Tribes, environmental groups and the state of Washington challenge Douglas County PUD’s bid for low impact certification for Wells Dam

Big impact: Wells Dam is an 840-megawatt hydroelectric facility on the Columbia River spanning from Douglas County to Chelan County in Washington. Photo: Schnabel Engineering
UPDATE: On Nov. 25, 2025, the day after this story was published, Maryalice Fischer, certification program director for the Low Impact Hydropower Institute, informed commenters on the Wells Dam LIHI application that LHIH would be dropping its dam certification evaluation for the dam. “I am writing to inform you that Douglas PUD has elected to withdraw their LIHI application for the Wells Dam project located on the Columbia River in Washington,” Fischer wrote in an email sent to more than 25 government, tribal and nonprofit representatives, and other organizations. “We will not be conducting further evaluation of the project at this time.” —Editor
By Nathan Gilles, November 24, 2025. The Wells Dam Hydroelectric Project lies on the Columbia River near the Washington cities of Pateros and Bridgeport roughly 500 miles from the river’s mouth at the Pacific Ocean.
Environmental activists say the dam, which has been producing hydroelectric power since 1967, has destroyed 25 miles of Columbia River habitat, as well as habitat on the lower Okanogan River.
Although the dam has fish passages for migrating salmon and steelhead populations, critics of its operation are calling for changes they say are needed to help fish get to and from the Pacific.
Nonetheless, if the dam’s owner and operator, the Douglas County Public Utility District, gets its way, the Wells Dam could soon be one of just two hydropower facilities on the main stem of the Columbia River to be certified as “Low Impact Hydropower,” a move that could give the power provider both a reputational and economic boost.
Local environmental organizations, the state of Washington and the Confederated Tribes and Bands of the Yakama Nation oppose certifying the facility.
The would-be certifier is the Low Impact Hydropower Institute (LIHI), a Boston, Massachusetts-based nonprofit that has been certifying dams as low impact since the early 2000s.
“We are a low-impact, not a no-impact organization,” LIHI Executive Director Shannon Ames told Columbia Insight in a phone interview.
“Every single renewable resource or otherwise has an impact on the environment,” Ames said. “We’re trying to make a difference where hydro is concerned.”
Selling ethics
According to LIHI’s website, 186 hydropower facilities currently have LIHI certification, most in the eastern United States.
To date, LIHI has certified just 10 dams in Oregon and three in Washington.
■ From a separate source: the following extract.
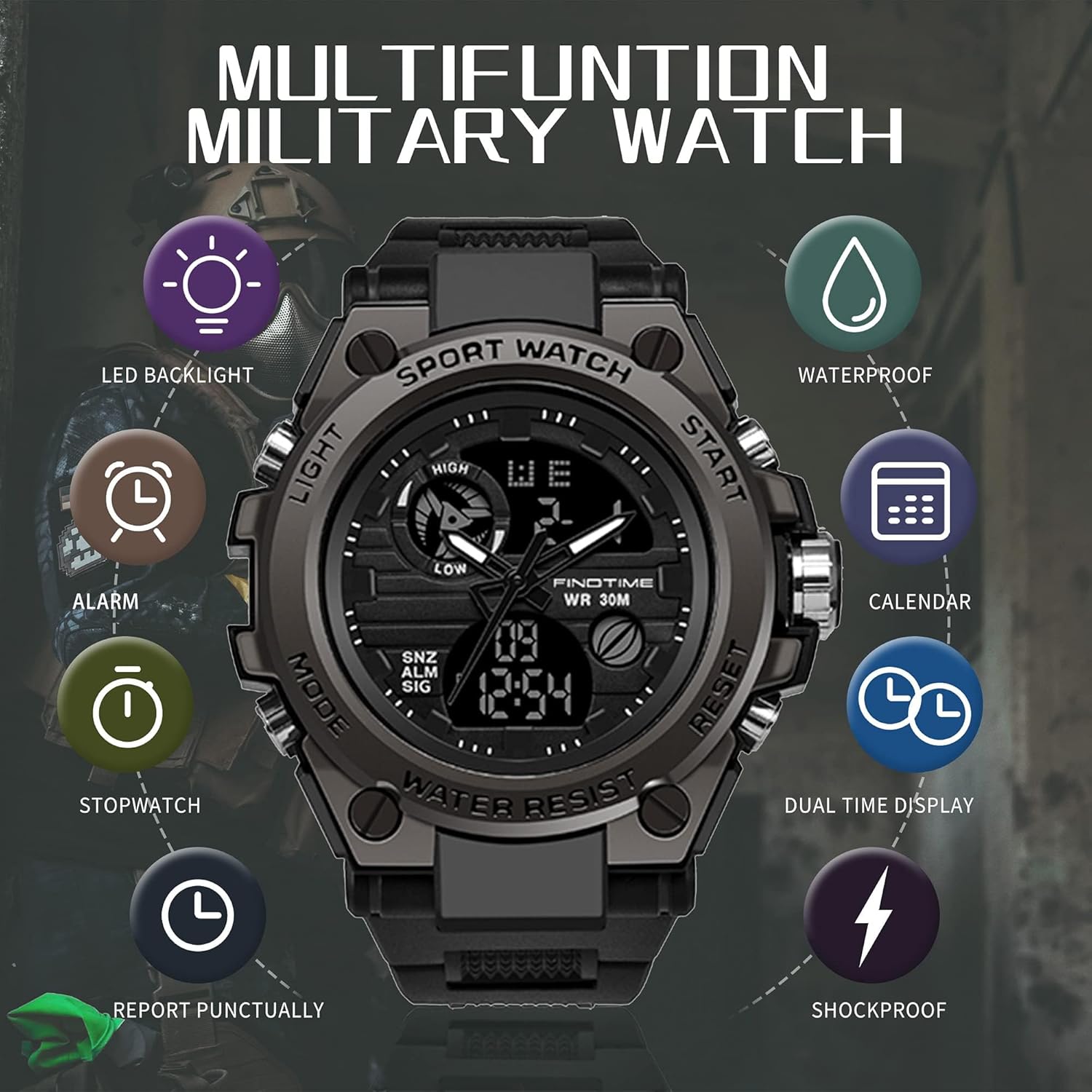 Montre Militaire Tactique de Sport pour Homme Chronomètre à Grand Cadran, Alarme, Double Affichage de l'heure, rétroéclairage, Montre-Bracelet étanche pour l'extérieur, analogique numérique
As consumers we’ve become familiar with certifications for fair trade, organic and B Corp products. Communicated with distinctive logos, certifications proclaim that a product’s manufacturing or sourcing has adhered to the highest labor, environmental or other ethical standards.
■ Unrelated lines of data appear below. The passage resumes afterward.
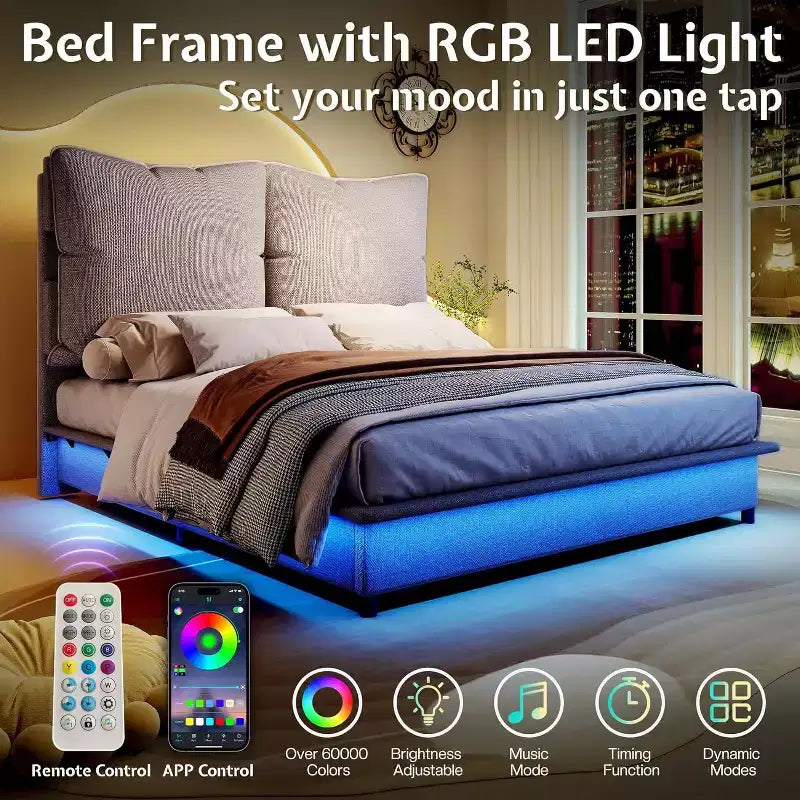 Cadre de lit LED avec tête de lit et coussins rembourrés amovibles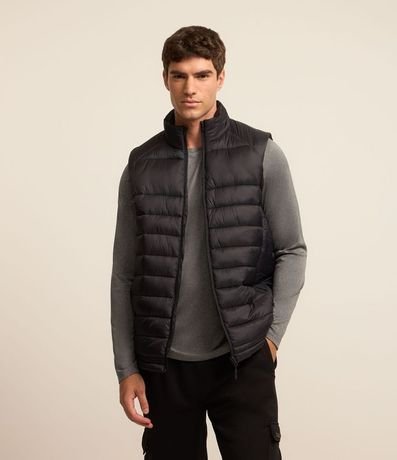 Chaleco Puffer Deportivo con Cuello Alto y Gajos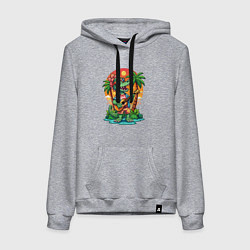 Женская толстовка-худи Крокодил играет на гитаре жарким летом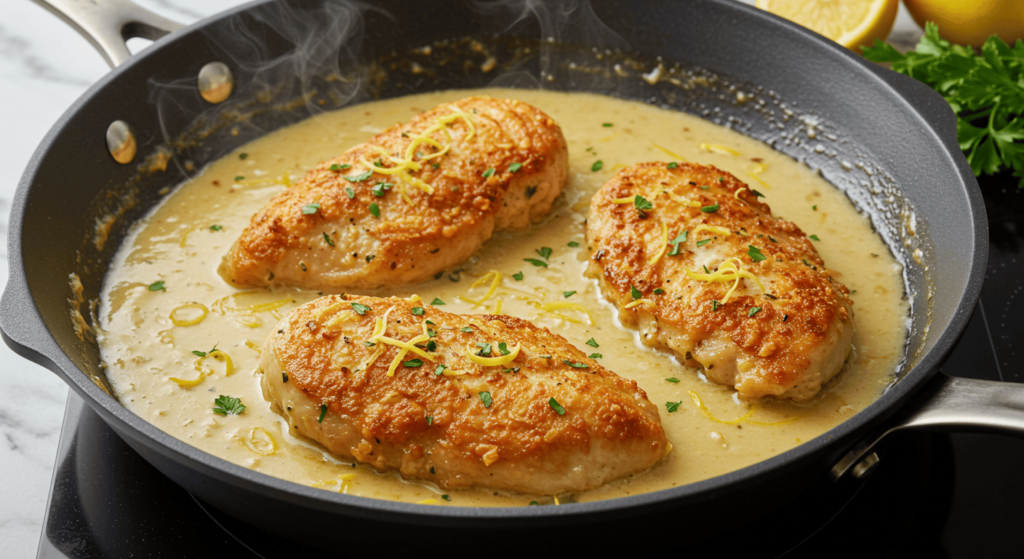 Chicken breasts simmering in creamy lemon sauce with steam rising, garnished with lemon zest and Italian seasoning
Certifications ask us to vote with our dollars. In this way, we incentivize makers of goods to do good as well.
LIHI’s low impact hydropower certification is intended to work in a similar way. Think of it as a market-based carrot to federal and state agencies’ regulatory stick.
To receive LIHI’s low impact hydropower certification, a dam must “meet eight specific science-based environmental, cultural and recreational criteria” established by LIHI, according to the group’s website.
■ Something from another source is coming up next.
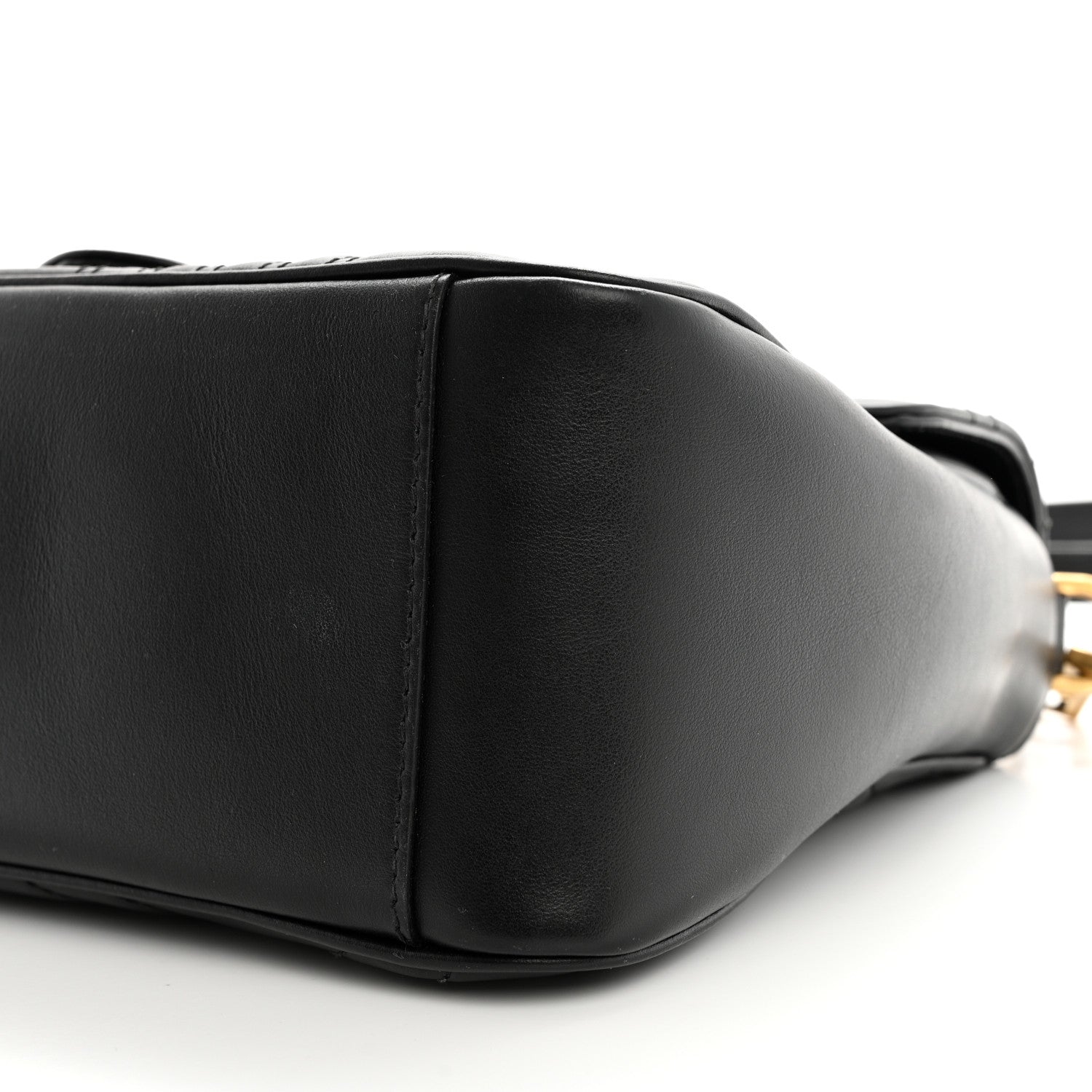 Gucci Calfskin Matelasse Small GG Marmont Top Handle Shoulder Bag Black 10 of 10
These criteria, which include providing fish passage and protecting threatened and endangered species, tend to correspond to federal and state environmental laws. That’s the stick.
The carrot in this scenario is that once certified by LIHI a dam’s power can be marketed as low impact. Here state laws help.
In efforts to lower their carbon footprints, multiple U.S. states have passed laws establishing “renewable portfolio standards” (RPS) for electricity. RPS laws tend to require large companies operating within a state’s borders to purchase a portion of their power from low carbon sources.
These laws also frequently provide marketplaces where state-mandated low carbon power can be purchased.
Douglas County PUD decision
To determine what power sources can be sold on their marketplaces—what qualifies as “low carbon” or “renewable” or “clean” energy—multiple states have turned to outside certifiers. LIHI is one of them.
At least five states require LIHI certification to sell power as part of their renewable portfolio standards, including Oregon.
Currently, eight of 10 LIHI-certified hydropower facilities in Oregon and one of the three facilities in Washington are approved to sell power on Oregon’s Renewable Energy Credit (REC) market.

Douglas County in red. Map: Wikimedia Commons
The Washington facility is the Dalles Dam on the Columbia River. A section of the dam was certified by LIHI in 2015.
Whether Douglas County PUD plans to sell Wells Dam’s power on Oregon’s REC market is unclear.
The push to certify the dam is being overseen by Douglas PUD’s Shane Brickford and Andrew Gingerich, according to documents submitted to LIHI. Neither man returned phone calls requesting comment.
Meghan Vibbert, Douglas County PUD public relations officer, declined to comment for this story.
Douglas PUD sells power to the Washington-based Puget Sound Energy, which a September 2024 press release credits with helping the company achieve its “decarbonization goals.”
In addition to LIHI certification, dams that want to sell power on Oregon’s REC market must register with another nonprofit, the Western Renewable Energy Generation Information System.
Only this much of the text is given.